▸ Material for this task
++++++++++++++++++++
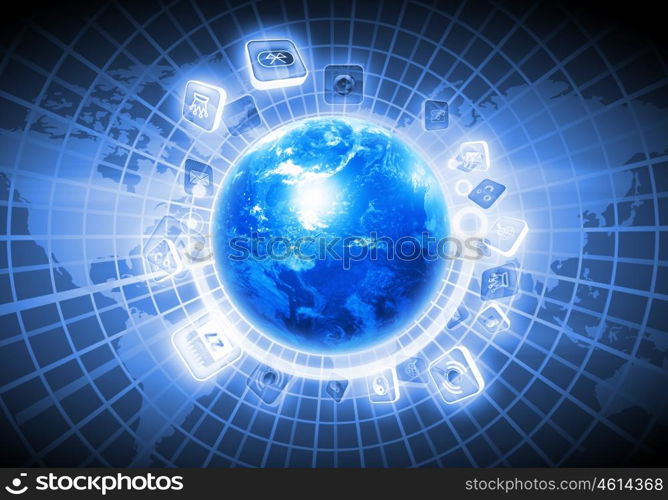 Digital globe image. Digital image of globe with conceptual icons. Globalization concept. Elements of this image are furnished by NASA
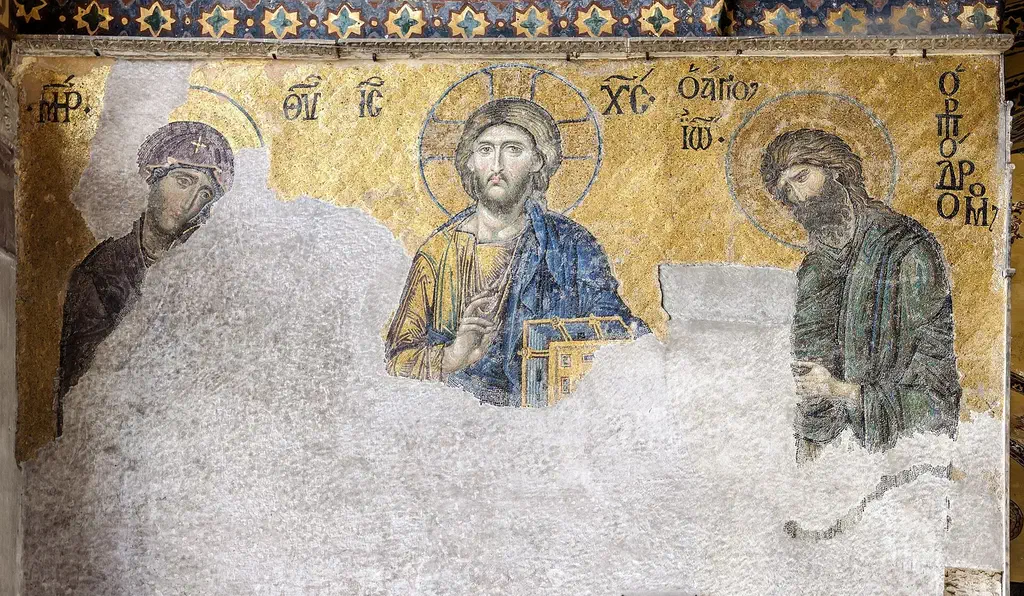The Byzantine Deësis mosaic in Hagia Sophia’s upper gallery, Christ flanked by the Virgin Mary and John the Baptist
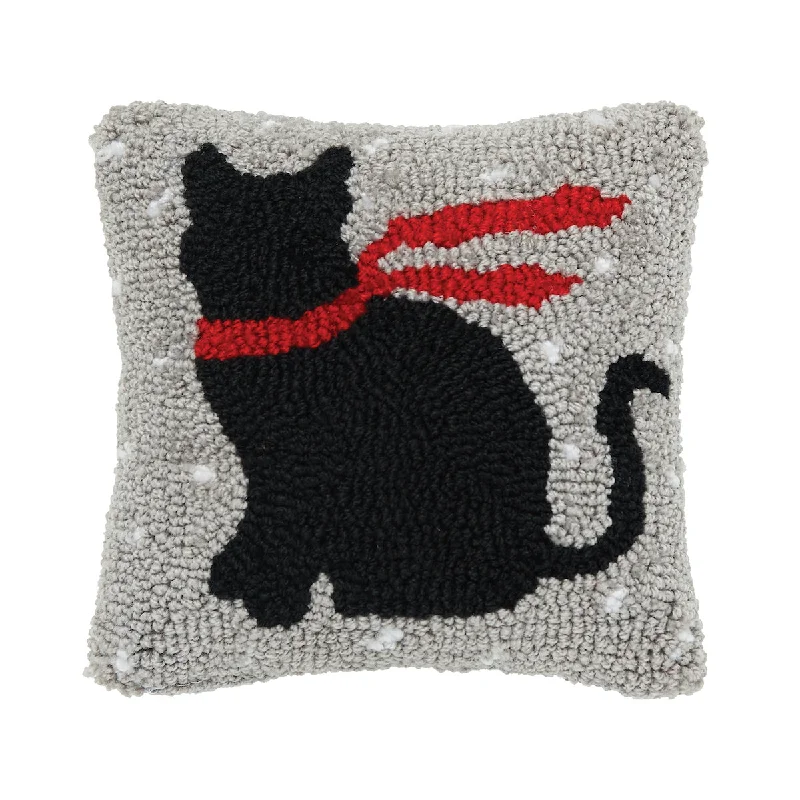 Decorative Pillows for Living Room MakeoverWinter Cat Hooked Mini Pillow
++++++++++++++++++++
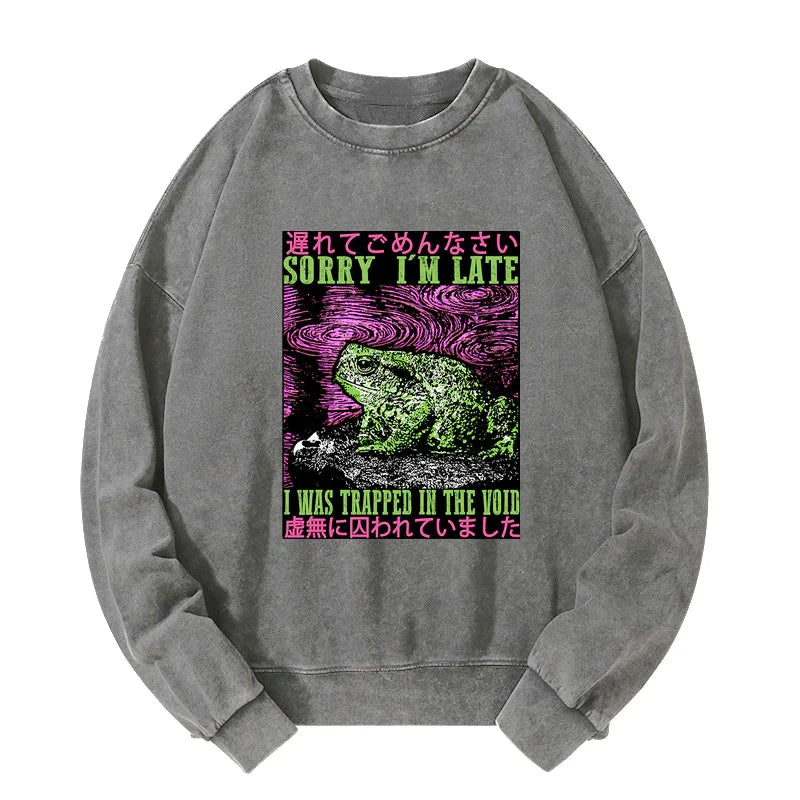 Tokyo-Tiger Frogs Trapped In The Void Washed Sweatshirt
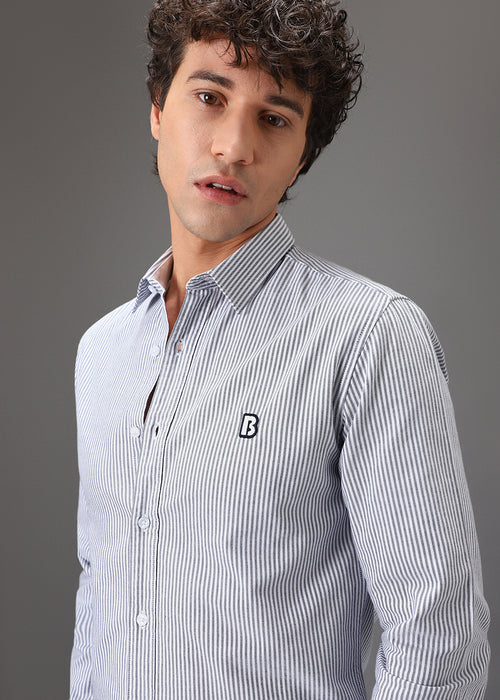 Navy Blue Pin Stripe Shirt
++++++++++++++++++++
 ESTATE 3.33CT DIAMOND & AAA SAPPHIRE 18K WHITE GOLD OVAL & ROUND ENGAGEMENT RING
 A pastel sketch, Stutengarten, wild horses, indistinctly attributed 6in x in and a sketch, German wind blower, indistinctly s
++++++++++++++++++++
▸ Task directions
In the data above, start at the line that has "ESTATE 3.33CT DIAMOND", stop after the line that has "A pastel sketch, Stutengarten, wild", and print every line in between exactly as it stands.

▸ Answer space
 ESTATE 3.33CT DIAMOND & AAA SAPPHIRE 18K WHITE GOLD OVAL & ROUND ENGAGEMENT RING
 A pastel sketch, Stutengarten, wild horses, indistinctly attributed 6in x in and a sketch, German wind blower, indistinctly s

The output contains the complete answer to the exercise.